Giordani fue el ministro de Planificación de Hugo Chávez por muchos años. Salió del gobierno en junio 2014 por diferencias con Nicolás Maduro. Podríamos decir que ha sido uno de los mejores cambios de ministro que ha hecho Maduro desde que está en el poder.

Giordani tenía ideas muy “estrafalarias”, destruir el mercado de capitales y perseguir a los dueños de las casas de bolsa era una, el pretexto fue culparlos de la devaluación del bolívar y de la fuga de capitales. Otro era siempre culpar a los empresarios privados de todo lo malo que ocurría en el país.

Increíblemente, una de esas “brillantes” ideas fue, por mucho tiempo, vender dólares muy baratos a los privados en Venezuela como una forma de mantener fuerte la moneda, que al final esa medida ni le sumaba fortaleza a la moneda ni era buena para la salud de la economía.

Para Giordani y su equipo, podríamos decir que la sobrevaluación de la moneda era algo positivo. Calmaba la inflación y al mismo tiempo (aprovechando la bonanza), mediante importaciones “baratas”, mantenían un nivel (artificial) de consumo muy grande (popularidad). Claro, para Giordani, la palabra insostenible no existía, mucho menos la probabilidad de una caída en el ingreso petrolero. Y los efectos negativos que una medida como esta tenía en el sector productivo del país, no eran dignos de revisarse.

Hoy estamos viendo cómo el Banco Central de Venezuela respalda una sobrevaluación de la moneda que supera el 50 %, que ve con buenos ojos venderles a los privados divisas a Bs. 4,20/$ (cuando podría obtener mucho más por ellas) y que como guinda de la torta, mantiene un encaje legal que genera muchos problemas para acceder al crédito en Venezuela.

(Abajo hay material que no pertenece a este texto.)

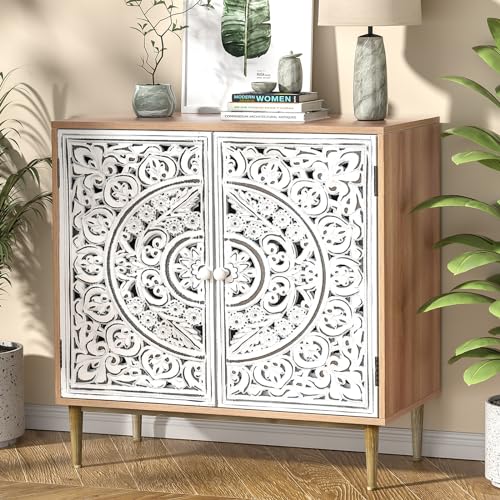 Yvsevnr Geschnitzt Sideboard Wohnzimmer Holz Hell, Aufbewahrungsschrank mit Türen, Verstellbare Ablage, Buffetschrank, Küchenschrank für Küche,Wohnzimmer, Flur und Esszimmer Yvsevnr Geschnitzt Sideboard Wohnzimmer Holz Hell, Aufbewahrungsschrank mit Türen, Verstellbare Ablage, Buffetschrank, Küchenschrank für Küche,Wohnzimmer, Flur und Esszimmer von Yvsevnr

Mantener una moneda artificialmente alta ¿para romper las expectativas inflacionarias? Todos sabemos que el ajuste en la tasa de cambio ocurrirá más temprano que tarde y que será muy fuerte (más aun en el último trimestre del año, cuando históricamente la liquidez monetaria tiene un incremento importante, además de que este año tenemos las elecciones del 21 de noviembre).

También se sabe que los problemas fiscales no se han solucionado (reconociendo el esfuerzo que ha hecho el gobierno en los últimos meses), por lo que la inflación en el país sigue siendo un problema.

Era mucho mejor para el país aprovechar la reconversión monetaria y dejar deslizar la tasa de cambio (además de subir el precio de la gasolina).

Repetir errores del pasado difícilmente generará buenas noticias. Trabajar por la solidez de la moneda implica muchas cosas, pero construir credibilidad y confianza no se hace fijando encajes legales muy altos ni regalando activos escasos. Se pueden entender los esfuerzos por romper las expectativas inflacionarias, pero las sobrevaluaciones de la moneda (sobre todo en un país con nuestra fragilidad externa) no terminan bien. En Venezuela hay suficiente experiencia al respecto.